Review of Crispin: The Cross of Lead

What was it about?

At the start of the novel, Crispin, referred to as Asta’s Son, is attending his mother’s funeral. Crispin’s life has hit rock bottom. Although his family had always been burdened by heavy taxation and starvation, Crispin leaves the funeral with the comforting knowledge that John Aycliffe, Lord Furnival’s steward, wants to kill him. Crispin’s mother had always been treated as an outcast on Furnival’s land, but her son had taken this for granted. They were peasants after all. But shortly after the funeral, Crispin overhears a conversation between Aycliffe and one of his servants. Upon seeing the boy, the two men chase the boy with the intention of killing him. Crispin doesn’t know why he is labeled a Wolf’s Head, but now anyone can kill him without risking any retribution. But why would anyone want him dead? He is only a peasant boy. Crispin runs to the local church and asks Father Quinel why he is being pursued. Quinel admits that there is a mystery surrounding his father’s life, and promises to reveal it to Crispin the next day.  All he tells the boy is that his real name is Crispin and that his mother knew how to read. But the next day, Father Quinel is nowhere to be found. Instead, Crispin finds himself running away once again from Aycliffe and his men with only his mother’s lead cross for protection. At a dilapidated cathedral, he becomes the servant to a jester named Bear. Unlike the servitude Crispin is used to, his new master treats the boy more like an assistant than a servant. Bear and Crispin together take the road to the village of Great Wexly, John Aycliffe close at their heels. Crispin: The Cross of Lead by Avi is the story of a 14th century peasant who suddenly and mysteriously becomes the most threatening person in all of England.

What did I think of it?

Crispin: The Cross of Lead is the first book of the Crispin Trilogy, and it was a phenomenal read.
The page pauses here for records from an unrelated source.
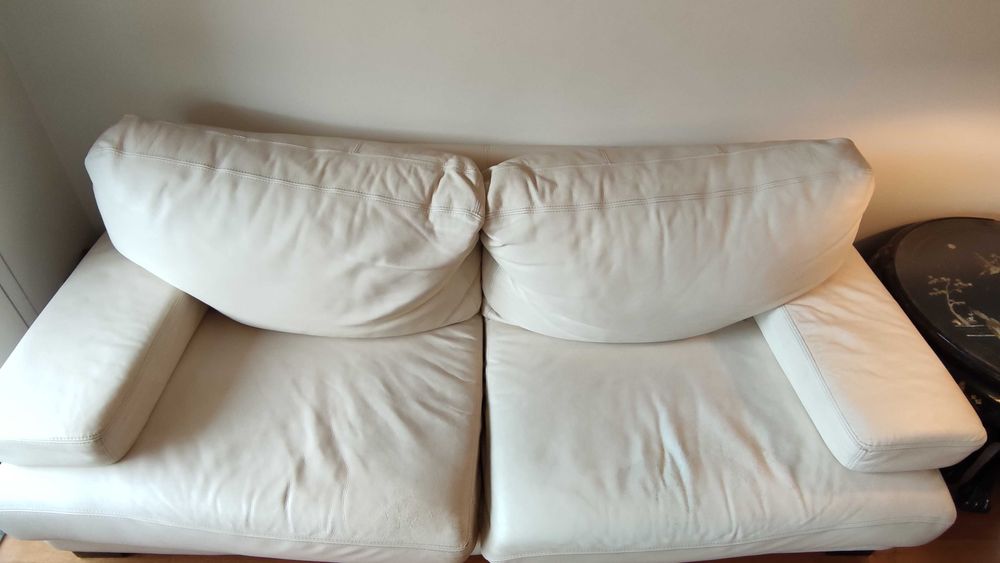 Sofás em pele branca de 3 e 2 lugares (usados)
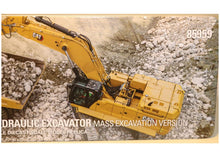 Lade das Bild in den Galerie-Viewer, Cat 395 Next Generation Hydraulic Excavator 1:50
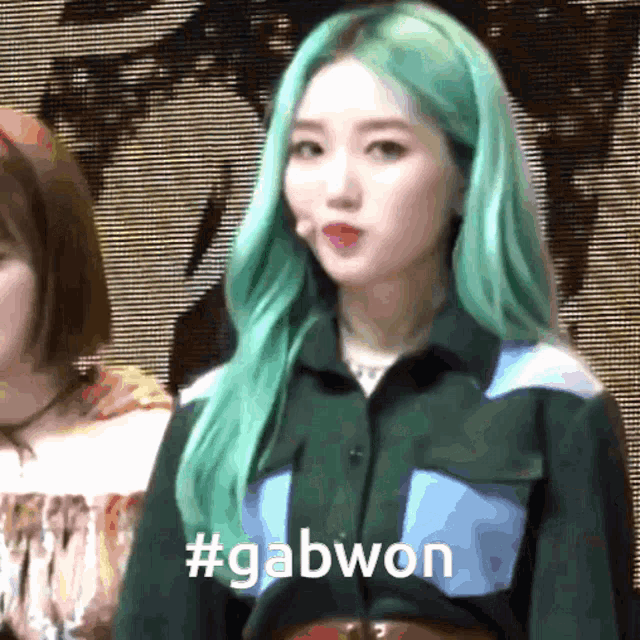 Gaby Gowon GIF - Gaby Gowon Loona GIFs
Although I knew the mystery all along, the book is intended for middle-grade children. Children at that age are still learning to identify tropes and imagery. For them, the ending of Crispin most likely comes as a surprise. Still, I enjoyed the novel. There have been countless novels set in the Middle Ages. However, so many portray Medieval Europe inaccurately or stereotypically. Crispin: The Cross of Lead does neither. Finally, I have come across a character who finds strength in his faith. Avi doesn’t bore the reader by including pages of facts about the 14th century. Rather, the descriptions of the time period are elegantly weaved into the action of the story. Crispin is one of those works that should be taught in schools. Not only is it fast-paced and action packed with very likeable characters, it has great educational value. The book raises some important questions about power, wealth, and poverty that can serve as talking points for some great class discussions. Crispin: The Cross of Lead definitely deserved the 2002 Newbery Award  for being both enjoyable and educational. I look forward to reading the second and third books in the trilogy, Crispin: At the Edge of the Wood and Crispin: The End of Time.